Perhaps the shortest way to say it would be... well...

Kinda.

“...or Assembly”, the quote goes on, “because it has a lot of structure and a type system”. And this is also true; assembly languages as we know them today all basically look alike if you squint a little. Wasm looks distinctly different.

But here too, Wasm's instruction set is also very low-level, retaining many of the design characteristics of a typical assembly language, like having a single i32 type that's neither signed nor unsigned, leveraging the magic of two's complement, just like most machine ISAs do. And in some of the major compilers that have been ported to target it, Wasm is emitted by the part of the compiler that's built to emit assembly code. It's the “architecture”, in compiler parlance. And this is one of the major forces behind Wasm's overall design, so if we ignore it, we aren't seeing the whole picture.

So is Wasm “Assembly”?

Well...

Thinking woman

Kinda.

Kinda???

Kinda! Our existing mental categories are important, because they're how we approach a new system, and they're how we port existing code to new systems. So we do talk about Wasm in terms of other systems, and we do build bridges to enable concepts and code to be ported over.

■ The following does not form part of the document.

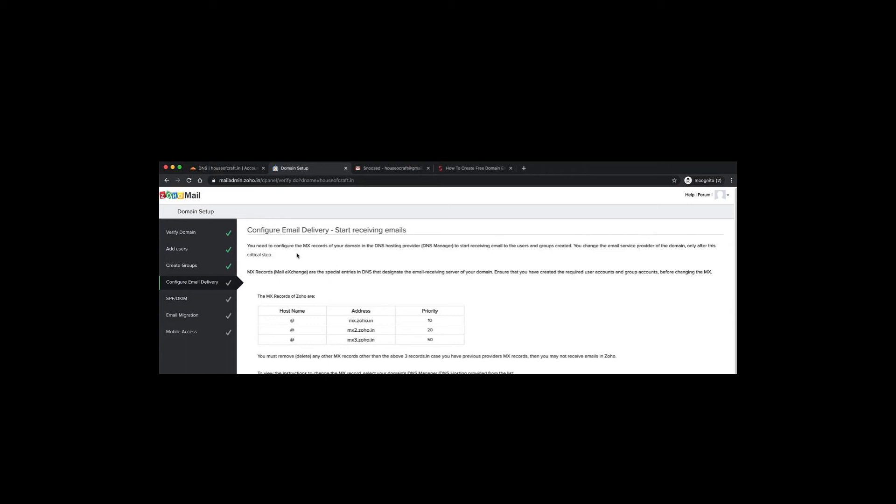Under Configure Email Delivery, you'll see a table with hostname, address, and priority columns. You need to copy all three MX records and add them to your DNS manager with the correct priorities: the first at 10, the second at 20, and the third at 50. Make sure they are added in that exact order.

At the same time, attempting to understand Wasm as categorically one existing category or another will limit our potential to understand it and to take advantage of its strengths.

Cool story

Is a Wasm instance a process? Kinda. It can have an address space, like a process does. And it has some forms of isolation from other instances, somewhat like processes do from other processes. But it can also import its entire address space from another instance, or not have an address space at all! And it doesn't carry around all the state that Unix attaches to its processes. And the address space doesn't contain things like the call stack or the program's executable code.

So we do sometimes use the word “process”, in contexts where that word fits. We value compatibility with existing software, and existing software often expects to have a process, so we do things to present the illusion that an instance is such a process.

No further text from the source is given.